Happy if, discovering his delusion, and seeing then the awful distinction between a temporary pious emotion and the religion of everyday life,— the difference between acknowledging the Lord and shouting his praises in the congregation and inwardly worshiping and obeying Him at home in his soul's own house,— happy if he be not discouraged! Happy if the evil spirit, seeking rest and finding none, return not into him with sevenfold power, and make the last state of that man to be worse than the first!

We would not hinder any sincere effort or means of rousing men to a sense of the perils of an evil, ungodly life,—of lifting their thoughts to heaven and to God ; but we would that men were taught that the test of conversion is not in the momentary, transient emotions of the hour of prayer, but in the state of life which is entered upon when "every man has gone unto his own house."

Some there are — alas, too many !—who hear sermons in church, and then go carrying its application, not every man to his own house, but to the house of his neighbor,— hearing for others, not themselves, and letting the stern judgments of the truth fall on the evils they detect in others, rather than on the foes of their own household. Let every man, when the Lord has given him light, carry that light with him unto his own house; to cast thus the beam out of his own eye before he seeketh to cast the mote out of his brother's eye.

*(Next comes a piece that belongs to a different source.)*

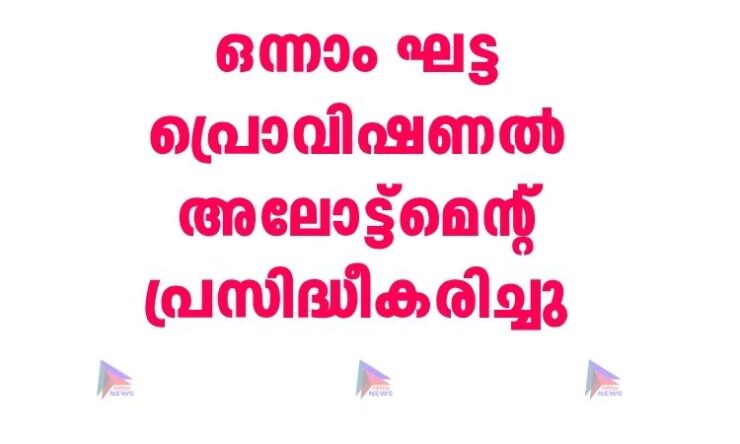 ഒന്നാം ഘട്ട പ്രൊവിഷണൽ അലോട്ട്‌മെന്റ് പ്രസിദ്ധീകരിച്ചു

There draweth near to all of us the day and the hour when the Lord shall call us away from these temporary homes of earth and the natural body, and when in the resurrection and the judgment every man shall go unto his own house. Here in the world we have heard the Word of God; we have learned of the Lord our Saviour; we have been taught those Divine commandments which are the way of eternal life. Here it is in our power, by prayer, by looking to the Lord, by shunning our evils as sins, by faithfully fulfilling our duties, to acquire, through the Lord's ever-present help, a regenerated will, a heart impelled by heavenly motives and fit for the enjoyment of heavenly delights. Such a regenerated will is the soul's home, which the good man carries with him into the other world; it is his mansion not made with hands, eternal in the heavens. In our Father's house, which is in heaven, are many such mansions; and may it be our endeavor here to be building for ourselves, by the practice of a holy Christian life, such spiritual homes! that it may be into these heavenly mansions that we may, by the Divine mercy, enter, in that day when "every man shall go unto his own house!”